Varying Opportunities as a Microbiologist

Professional Career Path
Microbiology is the study of organisms of microscopic size, including bacteria, protozoa, viruses, and certain algae and fungi which affect every aspect of life on Earth. They have amazing diversity of form and can live in a wide range of habitats ranging from hot springs to the human body and the depths of the ocean. Although some microbes cause diseases, like measles, meningitis or AIDS, the majority are completely harmless. In fact these small life forms are essential to the cycling of nutrients in the ecosystems of the planet. .




We study microbiology because bacteria, viruses and fungi are the leading cause of death in the history of mankind.Tiny and virtually invisible microbes studied by microbiologists have had a tremendous impact on society since the earliest days of recorded history. Bacteria, viruses and fungi have been responsible for the downfall of governments, famine, and death on an almost incalculable scale. It has only been in the last one hundred years that we have finally begun to win the age old battle with these small and deadly bugs.

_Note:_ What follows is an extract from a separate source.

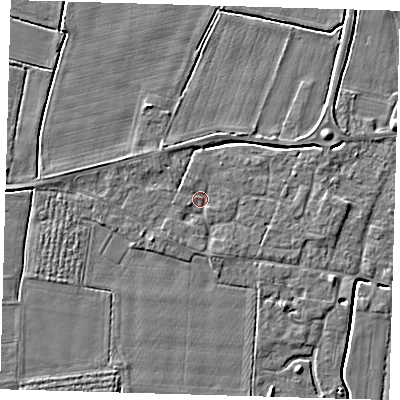Shaded relief map of the ground around PE127JX, computed from Environment Agency LiDAR. The ground here sits at about 3 m above sea level and falls 4 m across the surrounding 800 m. Surface water reaching this point runs off ground lying to the east, 2.6 m higher.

Before bacteria and viruses were discovered, people believed that disease arose spontaneously in diseased tissues. No one had any idea that infections were caused by very small living organisms. Microbiology is a vast subject which overlaps with other life sciences such as genetics, biochemistry, molecular biology and even engineering. Microbiologists can be found at work in many different places, but they are normally based in a laboratory. As there are many different types of microbes there are many different types of microbiologists: bacteriologists, mycologists (who study fungi) and virologists - all working within even smaller areas of specialisation; the variations are endless!




Food, pharmaceutical, agrochemical, biotechnological, biorefinery, environmental, pollution control and bioremediation, companies all need microbiologists to develop new products, monitor the production of existing ones and solve problems.

In the Field

Agriculture - environmental and health specialists study the role of microbes in plant disease, pest control, nutrition and soil fertility, or monitor and control pollution and devise biological waste treatment approaches. The field of mariculture also relies on microbiologists to monitor production and solve problems.

Medicine & Health Care

Hospitals, public health laboratories, research institutes and pharmaceutical companies offer work in diagnosis, prevention and treatment of illnesses associated with microbes.

Education & Research

Universities and colleges, as well as medical, dental and veterinary schools, all employ microbiologists as researchers and teachers. The training is also ideal for would-be science teachers in schools.